TASK OBJECTIVE
Output only the lines below from the one holding "new 2025 Lincoln" down to the one holding "Φωτογραφία για Ολη", both end lines included and every picture dropped.

RECORDS SHOWN
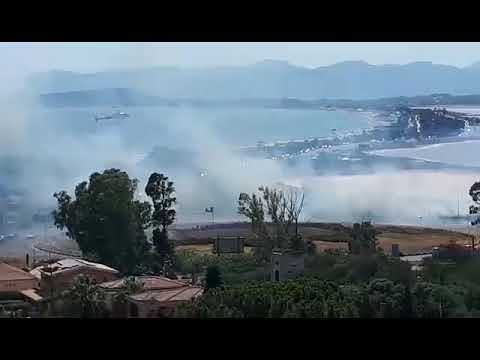 Margine Rosso, maxi incendio in direzione di via Fiume lungo il canneto: elicotteri in azione, il VIDEO in diretta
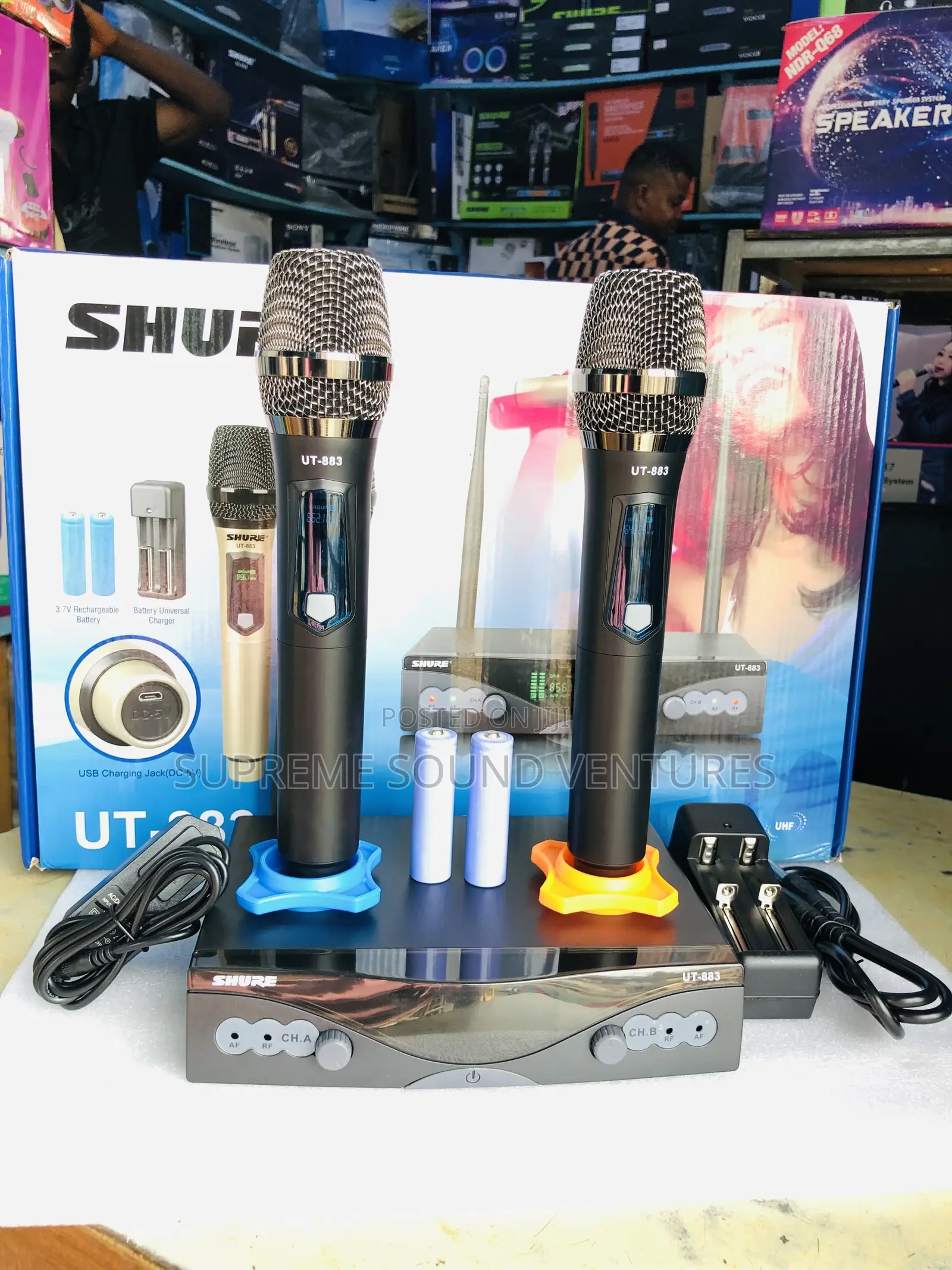 UT-883 Wireless Microphone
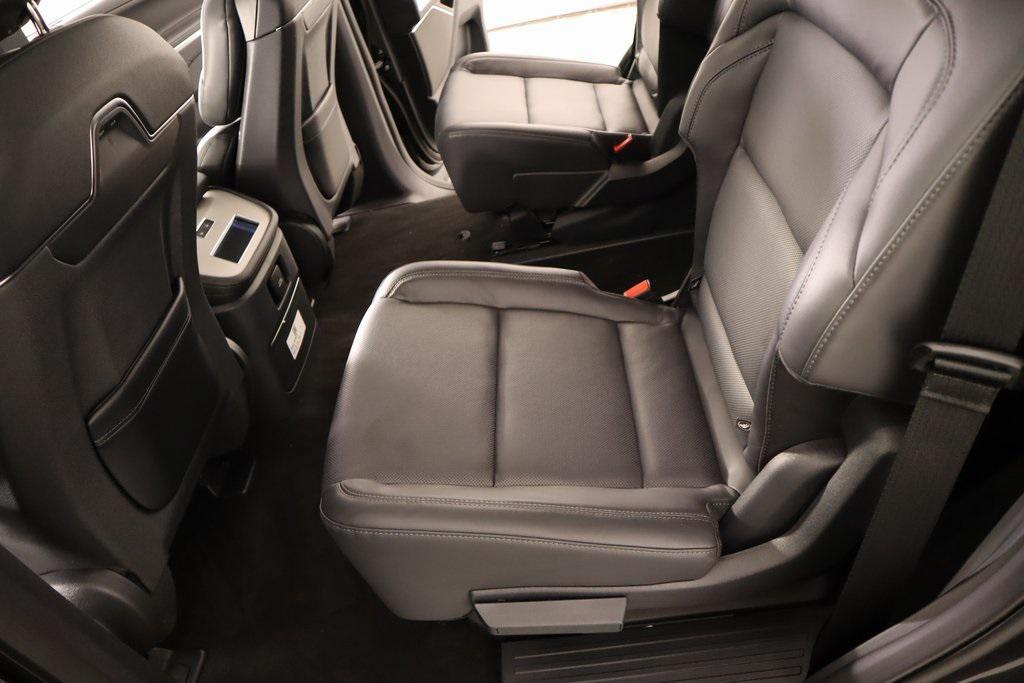new 2025 Lincoln Navigator car, priced at $102,418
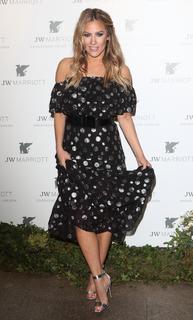 Caroline Flack feet photo thumbnail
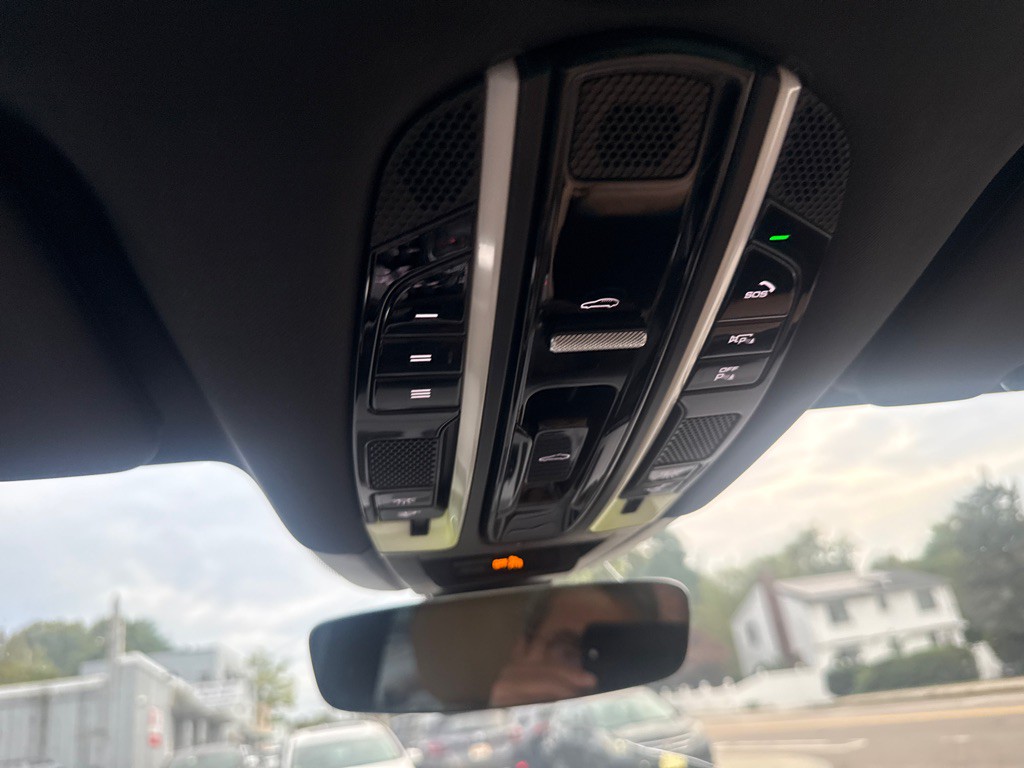 2020 Porsche Cayenne Image 17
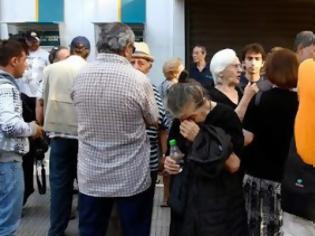 Φωτογραφία για Ολη η Ελλάδα στα ΑΤΜ -Ταλαιπωρία, κλοπές και δάκρυα, στις ατελείωτες ουρές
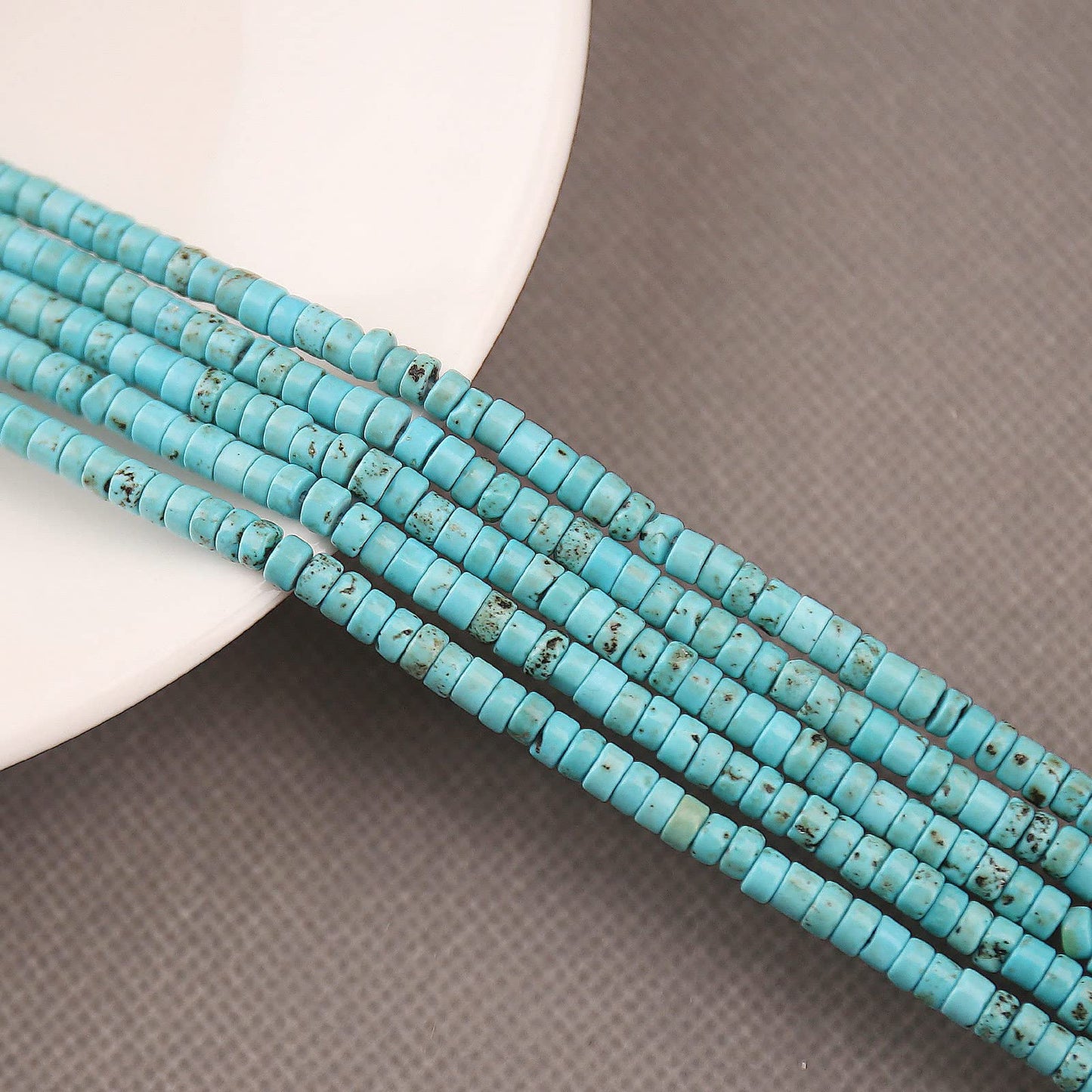 150PCs Natural Blue Turquoise Spacer Beads, Loose Semi Precious Flat Round Gemstone Heishi Disc Stone Beads for Beading Jewelry Making 4mm*2mm 38cm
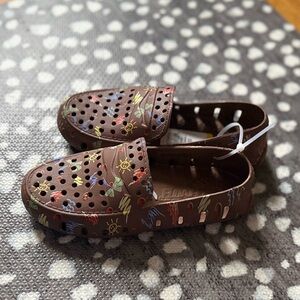 Floafers Brown Beach Patterned Shoes - Size 2 - NWOB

ANSWER SECTION
new 2025 Lincoln Navigator car, priced at $102,418
 Caroline Flack feet photo thumbnail
 2020 Porsche Cayenne Image 17
 Φωτογραφία για Ολη η Ελλάδα στα ΑΤΜ -Ταλαιπωρία, κλοπές και δάκρυα, στις ατελείωτες ουρές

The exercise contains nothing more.